Il est précisé par la Cour administrative d'appel de Marseille, par un arrêt du 27 janvier 2004, n°01MA00823, que le Conseil régional de l’Ordre des architectes a intérêt à agir contre une délibération municipale qui méconnaît les règles de mise en concurrence et d’indemnisation des candidats, et que l’absence d’organisation d’un concours d’architecture, alors que la procédure le requérait, entache d’illégalité la procédure de passation du marché.
Interdiction des pratiques anticoncurrentielles et respect du libre jeu de la concurrence
Les pratiques de boycott ou d’entente visant à influencer les conditions d’organisation du concours ou le montant des primes sont prohibées.

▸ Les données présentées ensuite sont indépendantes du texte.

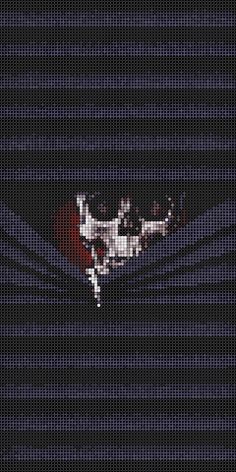 a cross - stitch image of a man falling off his skis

La décision ADLC, Décision du 26 mars 1996 relative à des pratiques mises en œuvre par le conseil régional de l'ordre des architectes d'Auvergne et des cabinets… juge que
« la défense de la qualité des constructions et des intérêts de la profession d'architecte par l'ordre régional des architectes d'Auvergne ou par un ordre professionnel, s'agissant des conditions d'organisation d'un concours d'architecture par une collectivité publique et de la détermination de l'indemnité versée aux candidats, ne saurait autoriser cet organisme à recourir à un mot d'ordre de boycott dudit concours, visant à imposer la modification des conditions d'organisation du concours et un montant minimal pour l'indemnisation des candidats (...) »
L’autorité de la concurrence rappelle que les pressions exercées par des organisations professionnelles pour modifier les procédures de sélection ou boycotter des consultations sont constitutives de pratiques anticoncurrentielles sanctionnées par l’article L. 420-1 du code de commerce.

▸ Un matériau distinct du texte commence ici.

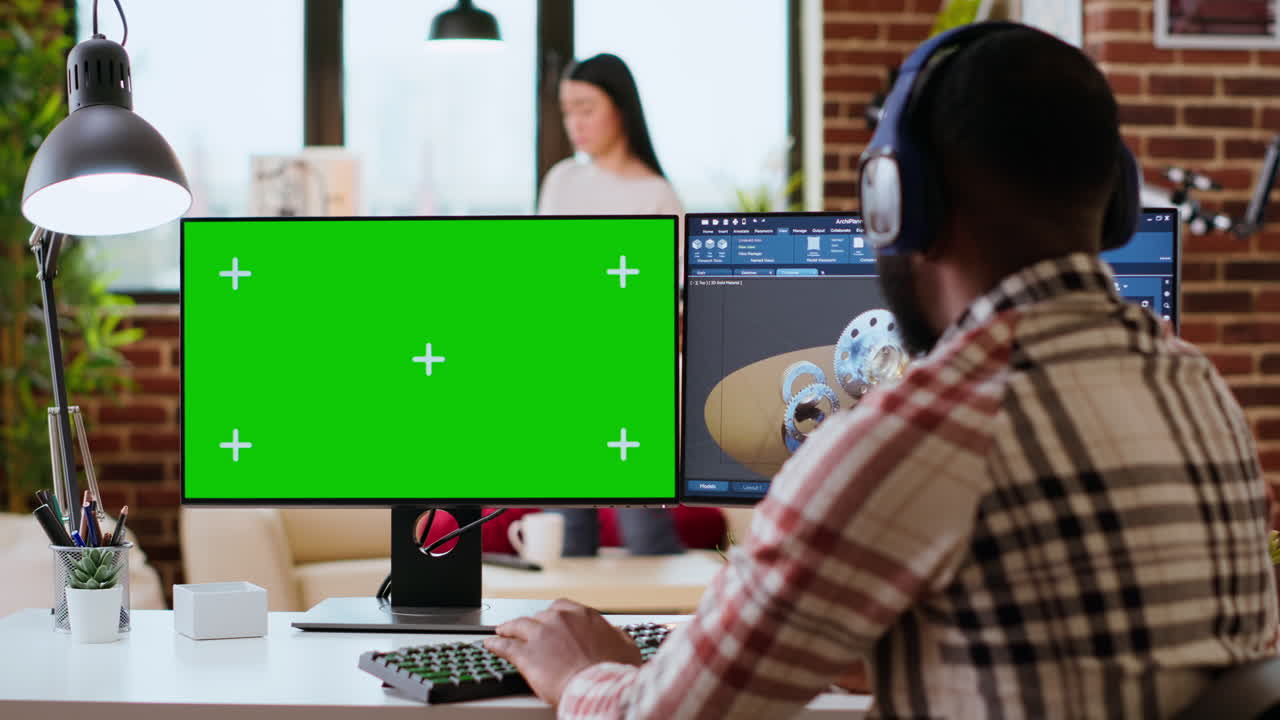Male freelance designer works remotely on 3D prototypes using green screen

Règles relatives à la rémunération de l’architecte
L’article 47 du Code de déontologie des architectes précise que:
« En ce qui concerne les missions rendues obligatoires par la loi sur l'architecture à l'égard des personnes privées, la rémunération de l'architecte est déterminée en fonction des difficultés de la mission, du coût de la réalisation de l'ouvrage projeté et de la complexité, par référence aux barèmes annexés au décret « relatif aux conditions de rémunération des missions d'ingénierie et d'architecture remplies pour le compte des collectivités publiques par des prestataires de droit privé » (...) »
L’article 47 du Code de déontologie des architectes signifie que, pour les missions rendues obligatoires par la loi sur l’architecture auprès de clients privés, la rémunération de l’architecte ne peut pas être fixée arbitrairement.
Elle doit être déterminée en tenant compte de trois critères principaux : la difficulté de la mission, le coût prévisionnel de l’ouvrage et sa complexité. Le texte invite en outre à se référer aux barèmes applicables aux missions réalisées pour les collectivités publiques, afin d’assurer une cohérence et une proportionnalité dans la fixation des honoraires.
En résumé, cet article encadre la rémunération pour garantir qu’elle soit adaptée, justifiée et en lien direct avec la nature réelle de la mission confiée.
En définitive, la réponse à un concours d’architecture est strictement encadrée par la loi, le règlement de la consultation et les règles déontologiques. Le respect des modalités de dépôt, de présentation, d’anonymat, des critères d’évaluation et des obligations professionnelles conditionne la recevabilité de l’offre, le droit à la prime de concours et la protection des intérêts du candidat. Les manquements à ces obligations peuvent entraîner l’exclusion de la procédure, la perte de la prime, voire des sanctions disciplinaires ou pécuniaires. Les pratiques visant à fausser la concurrence sont prohibées et sanctionnées. Enfin, l’Ordre des architectes veille au respect de ces règles et peut agir en justice pour garantir leur application.